Brian leads design and development of a Master Data Management (MDM) solution for the Health Market industry. The solution runs on a Big Data platform powered by Cassandra. Brian recently contributed a Refcard on Cassandra to DZone.
DZone: What do you see as the elements of a Big Data Platform?
Brian: Big Data means different things to different people. For me, there are three dimensions. Sometimes Big Data relates to the shear volume of data. Often the data has grown large enough to require a distributed storage mechanism. For others, Big Data relates to processing time. The velocity at which the system needs to operate mandates distributed processing. Yet others, relate Big Data to the flexibility to accommodate a variety of data. A complete Big Data platform addresses all three of these dimensions.
DZone: Why did you select Cassandra?
Brian: We need to support both variety and velocity. Our system processes data from thousands of disparate sources. Each source can have a different schema that can change over time. Applying fuzzy matching to connect entities across those sources, consolidating the information and producing analytics requires a tremendous amount of processing time. Even though almost all of the NoSQL databases support the variety of data in our sources, Cassandra (and Datastax Enterprise), with Hadoop tightly integrated, seemed to best support the distributed processing we required.
DZone: Specifically, how did you setup the distributed processing?
Brian: Initially we explored a Datastax Enterprise-like solution, where we configured Hadoop on each node that ran Cassandra. This collocated the processing with the data on which it operated. We ran Map/Reduce jobs across the cluster analyzing the data in batches as it changed. This sufficed, but we were striving to react in near real-time.

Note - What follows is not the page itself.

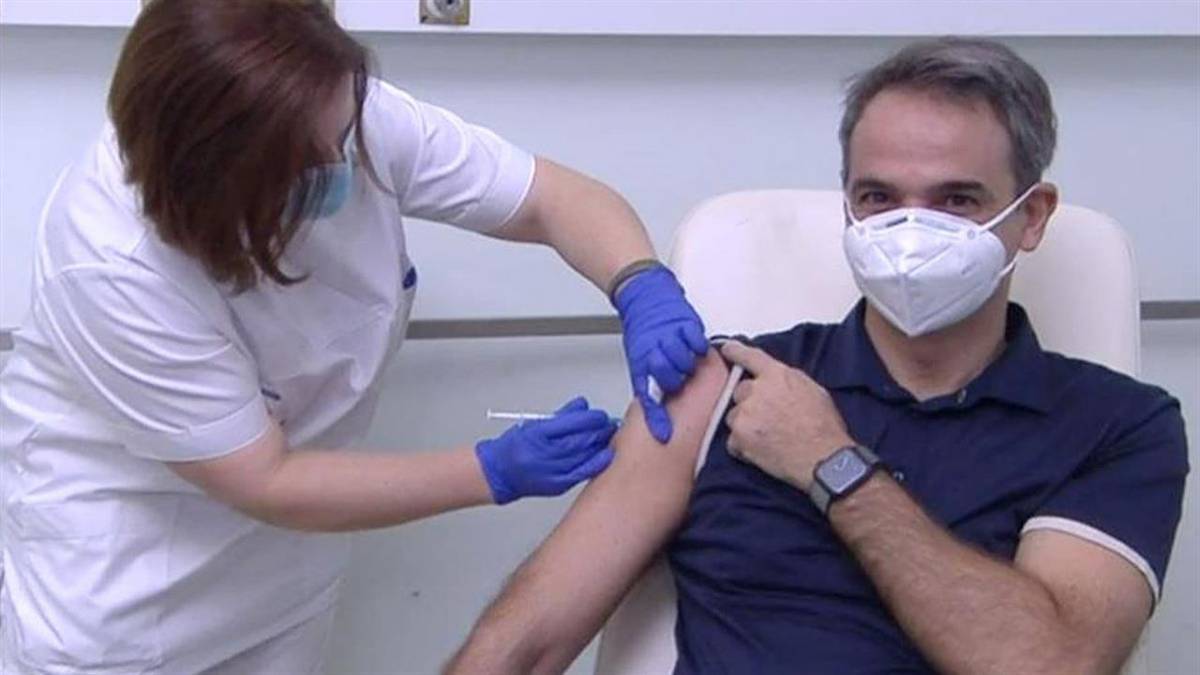 Μητσοτάκης για 3η δόση: Τα δεδομένα δεν επιτρέπουν καμία αμφισβήτηση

We switched from Hadoop to Storm as our processing engine. We built and open-sourced a bolt that enables writes to Cassandra from a Storm Topology. Similar to Hadoop, we ran Storm on each Cassandra node. This allowed us to distribute the processing, but eliminated the need to batch process everything. Instead, we could react to changes in near real-time.
DZone: What about reporting on Big Data?
Brian: We evaluated many of the new reporting solutions that claim Big Data support, but we found that many of them relied on batch processing under the hood. Given our desire to react in near real-time, that wasn't going to cut it. Additionally, we wanted support for ad hoc queries, not just canned reports. It seems relational databases still have a leg up in this arena. To achieve what we needed, we decided to keep our tried-and-true relational databases in our Big Data platform.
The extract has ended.